This is a place for you, as a survivor to tell your story...or you as a bystander to encourage us survivors.
Saturday, August 05, 2006
Heartbroken Over Dirt
-By Annie Kaszina
“I’m heartbroken at the thought of losing somebody who treats me like dirt.”
“Why am I heartbroken at the thought of losing somebody who treats me like dirt?”
Why indeed? How is it that you know something with your head and yet your heart drowns it out? And is it really your heart?
Or if it is, what is that really about?
If I had a dollar for every time a woman has told me how wonderful her lover is, even with his hurtful, punitive behaviours, I’d be writing this in my very own palazzo on Venice’s Grand Canal.
The fact is you love your investment. Once you start to invest your time – and quite possibly money – your heart, your trust, and your future in a dream, it’s hard to let it go.

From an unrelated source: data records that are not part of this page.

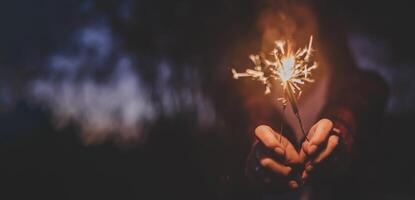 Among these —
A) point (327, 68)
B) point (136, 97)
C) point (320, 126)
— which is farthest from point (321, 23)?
point (136, 97)

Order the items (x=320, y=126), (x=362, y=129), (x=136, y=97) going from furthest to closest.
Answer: (x=136, y=97)
(x=362, y=129)
(x=320, y=126)

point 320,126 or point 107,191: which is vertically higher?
point 107,191

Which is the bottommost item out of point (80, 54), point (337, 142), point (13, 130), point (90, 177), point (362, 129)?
point (337, 142)

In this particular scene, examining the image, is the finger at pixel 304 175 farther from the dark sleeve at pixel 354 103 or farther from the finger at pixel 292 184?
the dark sleeve at pixel 354 103

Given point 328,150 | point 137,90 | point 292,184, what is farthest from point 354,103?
point 137,90

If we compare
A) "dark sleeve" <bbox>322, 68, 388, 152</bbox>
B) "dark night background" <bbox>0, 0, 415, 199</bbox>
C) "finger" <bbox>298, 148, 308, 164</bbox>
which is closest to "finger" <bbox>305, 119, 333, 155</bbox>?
"finger" <bbox>298, 148, 308, 164</bbox>

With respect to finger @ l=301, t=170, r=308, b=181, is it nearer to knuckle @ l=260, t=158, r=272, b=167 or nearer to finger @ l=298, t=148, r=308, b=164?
finger @ l=298, t=148, r=308, b=164

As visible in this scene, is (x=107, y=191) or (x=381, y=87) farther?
(x=107, y=191)

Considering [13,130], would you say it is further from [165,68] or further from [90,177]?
[165,68] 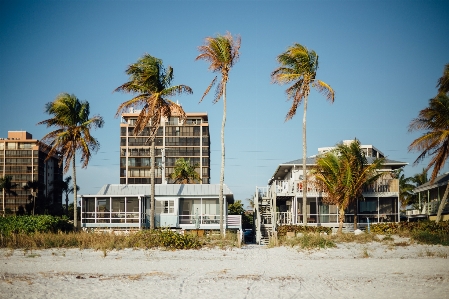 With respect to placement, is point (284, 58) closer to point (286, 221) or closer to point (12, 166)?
point (286, 221)

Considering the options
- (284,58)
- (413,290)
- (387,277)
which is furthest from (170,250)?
(284,58)

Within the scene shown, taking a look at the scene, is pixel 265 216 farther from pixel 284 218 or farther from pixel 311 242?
pixel 311 242

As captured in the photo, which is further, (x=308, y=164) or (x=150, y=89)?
(x=308, y=164)

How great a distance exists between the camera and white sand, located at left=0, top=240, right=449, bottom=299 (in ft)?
45.2

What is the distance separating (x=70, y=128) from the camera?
1678 inches

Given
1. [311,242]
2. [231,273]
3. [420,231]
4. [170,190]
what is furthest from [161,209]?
[231,273]

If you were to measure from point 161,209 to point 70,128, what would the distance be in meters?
9.73

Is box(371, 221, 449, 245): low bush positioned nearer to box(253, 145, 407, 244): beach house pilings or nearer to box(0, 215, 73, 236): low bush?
box(253, 145, 407, 244): beach house pilings

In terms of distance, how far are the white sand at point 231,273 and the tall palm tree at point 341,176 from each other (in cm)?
837

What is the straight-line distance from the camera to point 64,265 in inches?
781

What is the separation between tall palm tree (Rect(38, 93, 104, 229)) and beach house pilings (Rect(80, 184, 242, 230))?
211 centimetres

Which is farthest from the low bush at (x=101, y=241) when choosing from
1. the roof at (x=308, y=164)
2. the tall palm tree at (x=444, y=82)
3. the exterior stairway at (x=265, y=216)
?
the tall palm tree at (x=444, y=82)

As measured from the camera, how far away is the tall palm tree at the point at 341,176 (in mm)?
34312

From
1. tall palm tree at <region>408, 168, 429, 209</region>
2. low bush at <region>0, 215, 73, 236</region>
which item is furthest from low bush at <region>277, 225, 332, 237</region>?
tall palm tree at <region>408, 168, 429, 209</region> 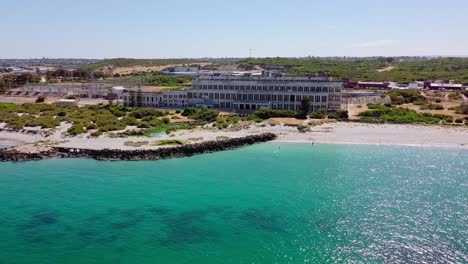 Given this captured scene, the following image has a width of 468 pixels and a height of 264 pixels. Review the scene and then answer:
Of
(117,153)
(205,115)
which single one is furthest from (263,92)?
(117,153)

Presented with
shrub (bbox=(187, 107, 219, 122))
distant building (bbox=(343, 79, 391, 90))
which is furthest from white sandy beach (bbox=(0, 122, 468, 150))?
distant building (bbox=(343, 79, 391, 90))

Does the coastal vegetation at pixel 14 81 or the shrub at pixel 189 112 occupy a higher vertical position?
the coastal vegetation at pixel 14 81

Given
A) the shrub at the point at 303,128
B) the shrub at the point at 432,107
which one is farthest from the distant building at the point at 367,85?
the shrub at the point at 303,128

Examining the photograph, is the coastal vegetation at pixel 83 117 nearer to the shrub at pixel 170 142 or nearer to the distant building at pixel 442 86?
the shrub at pixel 170 142

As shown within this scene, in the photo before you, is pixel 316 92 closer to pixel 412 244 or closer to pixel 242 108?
pixel 242 108

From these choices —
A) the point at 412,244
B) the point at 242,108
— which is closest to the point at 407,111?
the point at 242,108

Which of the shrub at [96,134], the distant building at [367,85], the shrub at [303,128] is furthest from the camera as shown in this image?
the distant building at [367,85] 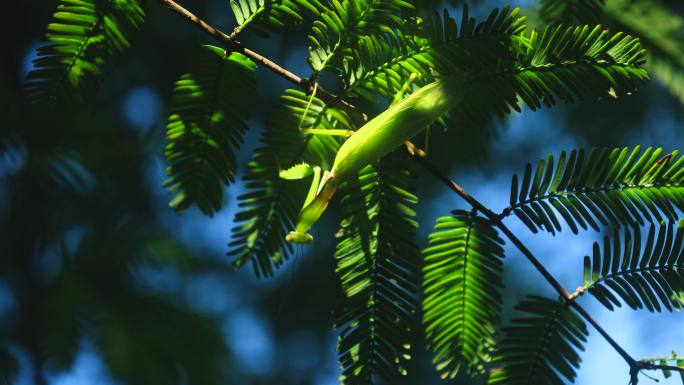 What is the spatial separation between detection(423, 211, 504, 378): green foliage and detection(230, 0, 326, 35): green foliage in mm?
589

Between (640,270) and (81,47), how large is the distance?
139 cm

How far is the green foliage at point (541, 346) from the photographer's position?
53.7 inches

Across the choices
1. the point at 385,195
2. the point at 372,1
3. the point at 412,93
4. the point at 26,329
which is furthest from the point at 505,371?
the point at 26,329

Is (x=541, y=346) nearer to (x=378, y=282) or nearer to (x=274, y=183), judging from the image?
(x=378, y=282)

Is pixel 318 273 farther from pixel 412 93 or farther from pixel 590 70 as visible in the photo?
pixel 590 70

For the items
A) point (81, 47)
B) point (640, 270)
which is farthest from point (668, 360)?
point (81, 47)

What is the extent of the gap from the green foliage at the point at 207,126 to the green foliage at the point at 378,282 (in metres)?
0.33

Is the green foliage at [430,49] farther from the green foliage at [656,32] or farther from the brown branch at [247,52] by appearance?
the green foliage at [656,32]

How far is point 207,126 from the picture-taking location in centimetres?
143

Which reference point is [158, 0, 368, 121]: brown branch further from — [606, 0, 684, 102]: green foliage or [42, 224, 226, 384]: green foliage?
[606, 0, 684, 102]: green foliage

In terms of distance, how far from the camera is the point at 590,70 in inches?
53.9

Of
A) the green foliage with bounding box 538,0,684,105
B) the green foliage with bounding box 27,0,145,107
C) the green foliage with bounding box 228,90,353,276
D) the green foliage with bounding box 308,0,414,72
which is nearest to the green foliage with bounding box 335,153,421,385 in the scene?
the green foliage with bounding box 228,90,353,276

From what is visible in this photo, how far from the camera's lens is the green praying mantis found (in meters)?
1.43

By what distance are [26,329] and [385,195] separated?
2.65ft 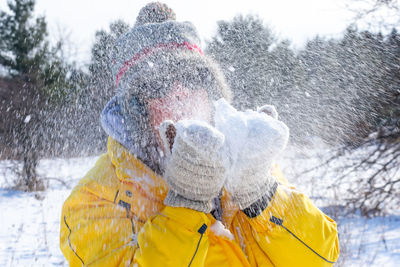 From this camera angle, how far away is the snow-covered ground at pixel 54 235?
325cm

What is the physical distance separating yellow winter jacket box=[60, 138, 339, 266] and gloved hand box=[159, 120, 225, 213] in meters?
0.05

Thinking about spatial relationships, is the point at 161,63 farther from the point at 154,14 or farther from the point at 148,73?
the point at 154,14

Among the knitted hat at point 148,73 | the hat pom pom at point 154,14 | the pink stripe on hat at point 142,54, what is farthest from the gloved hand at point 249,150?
the hat pom pom at point 154,14

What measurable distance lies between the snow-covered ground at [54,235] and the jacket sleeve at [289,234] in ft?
6.33

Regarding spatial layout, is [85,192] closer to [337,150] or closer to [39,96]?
[337,150]

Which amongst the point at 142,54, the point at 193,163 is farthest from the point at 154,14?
the point at 193,163

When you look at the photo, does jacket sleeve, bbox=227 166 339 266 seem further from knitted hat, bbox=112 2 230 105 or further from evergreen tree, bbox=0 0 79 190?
evergreen tree, bbox=0 0 79 190

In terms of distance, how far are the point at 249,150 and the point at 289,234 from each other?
35 cm

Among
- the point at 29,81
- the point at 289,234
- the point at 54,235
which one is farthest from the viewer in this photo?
the point at 29,81

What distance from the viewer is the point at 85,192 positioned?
1.27 metres

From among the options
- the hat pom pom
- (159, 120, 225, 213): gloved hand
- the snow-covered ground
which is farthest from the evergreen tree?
(159, 120, 225, 213): gloved hand

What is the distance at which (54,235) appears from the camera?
433 centimetres

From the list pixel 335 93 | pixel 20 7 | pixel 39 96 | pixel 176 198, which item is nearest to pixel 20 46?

One of my constant rants is that people aren’t terribly good at ‘joined up’ thinking, or ‘joined up’ living. We’re forever compartmentalizing our life. We do it in all sorts of ways, but for now, let’s just look at how we do it in relationships.
There’s this thing called “The Love Conquers All” button that we all have, which, once pressed, short-circuits logic, common sense, friendship even family values.
Sometimes, it’s known as the “Throw Everything Over For The Man You Love” button.
Either way, it tends to be a pretty dangerous process. Not least because as well as throwing caution to the wind, you cast aside all previous criteria and points of reference.
“The heart has its reasons,” allegedly, “of which reason knows nothing”. Quite. But is this a good thing?
Just suppose that instead of arguing that ‘falling in love is like nothing else’, you compared it to the selling process. After all, most of us are guilty of falling in love with things that we buy; like shoes and clothes etc. You buy, because people sell to you.
Ideally, in the sales environment, there is the ‘upsell’. Either you’ve bought a small thing, or you’ve agreed to listen to someone’s pitch and they use that as a foundation to sell you a much higher ticket item. Do you notice any similarity with relationships?
An abusive man will, consciously or unconsciously, ‘sell’ you on his charm, his vulnerable side, his fast-track wooing. That’s actually the low ticket item. Sadly, the high ticket item is not more of the same. It’s his dark side, the return he expects from your investment – as well as the investment of his time and trouble.
The high ticket item is this: making him feel good becomes your responsibility. And if you fall down on the job – and why wouldn’t you? – he’ll make himself feel good by making you feel bad, by treating you like dirt. That’s the contract as he sees it.
But you don’t ‘get’ it. You still believe that the contract is based on the low ticket deal. And every so often, when he needs to, he’ll give you some of the low ticket sweet-talking. Just enough to get you to buy into him all over again.
Because there is another important factor in all of this: and that’s the power of words. Whether or not abusive men are educated or in any way sophisticated, they all have a great intuitive grasp of the manipulative power of words.
My ex-husband used to deny the power of his words, because it was convenient to do so. It was another denial of responsibility. But the truth is that manipulative words work. They work every time, unless you consciously challenge them.
They work because they send you into a sort of waking trance. You only have to think of the way a partner’s words can send you spiralling into despair, or more rarely, relief and joy, to see the way it works in action.
Add into the trance, the immortal words that every abuser utters with monotonous regularity: “You’re lucky to have me. You’ll never have another man as wonderful as me” and you begin to see it. He says it and, even as you gaze on the tormentor whose face is contorted with fury, it sinks in and you believe it.
You believe what he says, rather than what he does. So he acts like he hates you, but tells you some involved story about how you’ve hurt him and you believe it.
You believe his story rather than your own. Incredible as it may sound, it happens all the time.
But now you know how the mechanism works. Now you’ll catch yourself having the old buttons pressed and you’ll start to say “No”. Knowledge isn’t foolproof, but awareness and practice will neutralize the old hooks and protect you in the future.
As you become more aware of the mechanisms and learn to love yourself, the less the less likely it becomes that anyone will ever treat you like dirt again.